> _Work to complete_
The entries that follow include a run beginning at the line with "Multi-functional oil supplementary" and ending at the line with "Portrait of Isaac"; restate that run word for word and leave the rest out.

--- Recorded information ---

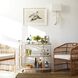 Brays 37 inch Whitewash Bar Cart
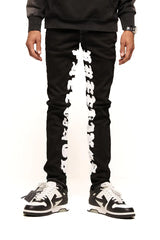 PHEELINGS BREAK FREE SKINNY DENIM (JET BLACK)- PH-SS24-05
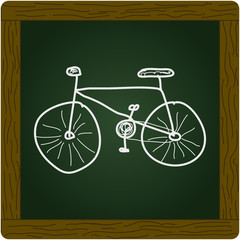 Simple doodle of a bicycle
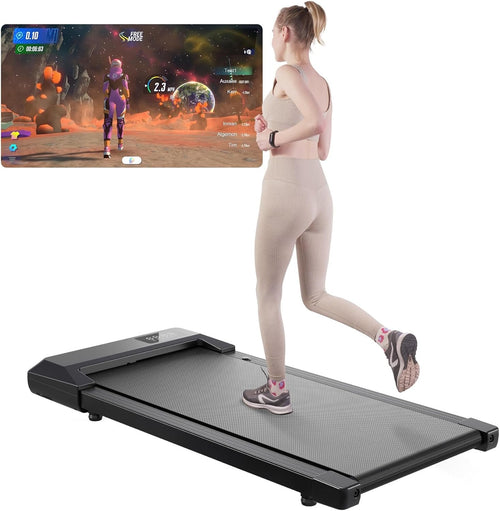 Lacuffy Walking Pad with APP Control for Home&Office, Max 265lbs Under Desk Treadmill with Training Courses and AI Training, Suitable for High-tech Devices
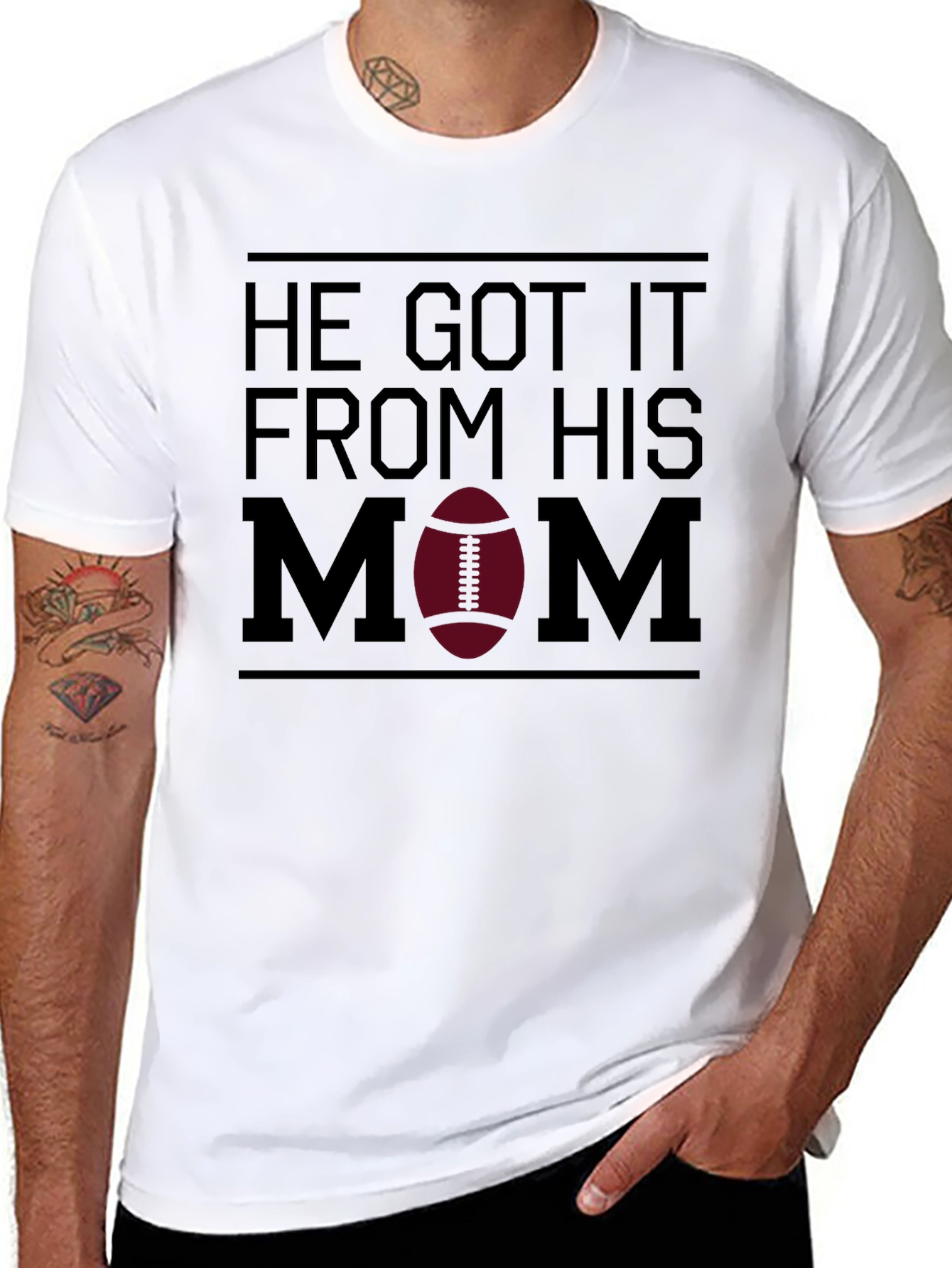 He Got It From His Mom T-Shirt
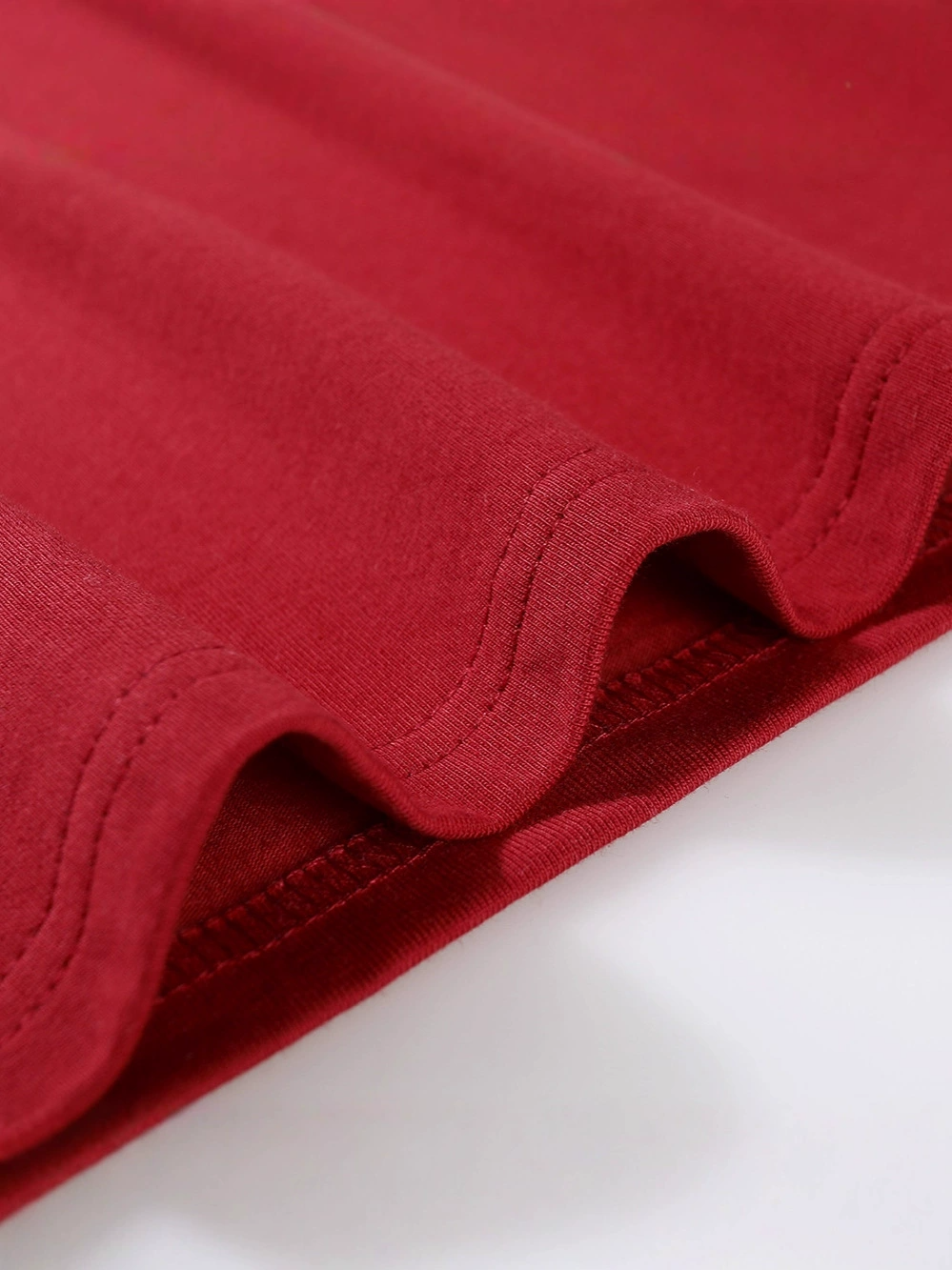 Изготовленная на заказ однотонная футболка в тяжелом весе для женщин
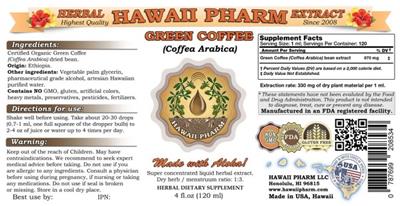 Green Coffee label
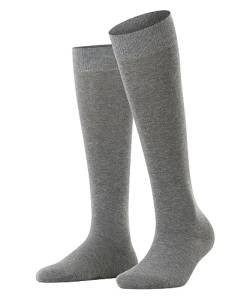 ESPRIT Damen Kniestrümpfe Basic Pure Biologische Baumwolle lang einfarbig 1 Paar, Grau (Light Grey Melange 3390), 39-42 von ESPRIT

---
--- Recorded information ---

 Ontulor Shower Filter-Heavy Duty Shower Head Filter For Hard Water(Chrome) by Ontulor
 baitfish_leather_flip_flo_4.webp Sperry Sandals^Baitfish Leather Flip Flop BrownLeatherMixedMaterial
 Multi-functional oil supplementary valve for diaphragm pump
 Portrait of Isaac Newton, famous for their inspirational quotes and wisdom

---
--- Recorded information ---

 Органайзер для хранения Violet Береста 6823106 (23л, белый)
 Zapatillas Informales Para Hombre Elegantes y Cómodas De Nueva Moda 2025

---

> _Written answer_
 Multi-functional oil supplementary valve for diaphragm pump
 Portrait of Isaac Newton, famous for their inspirational quotes and wisdom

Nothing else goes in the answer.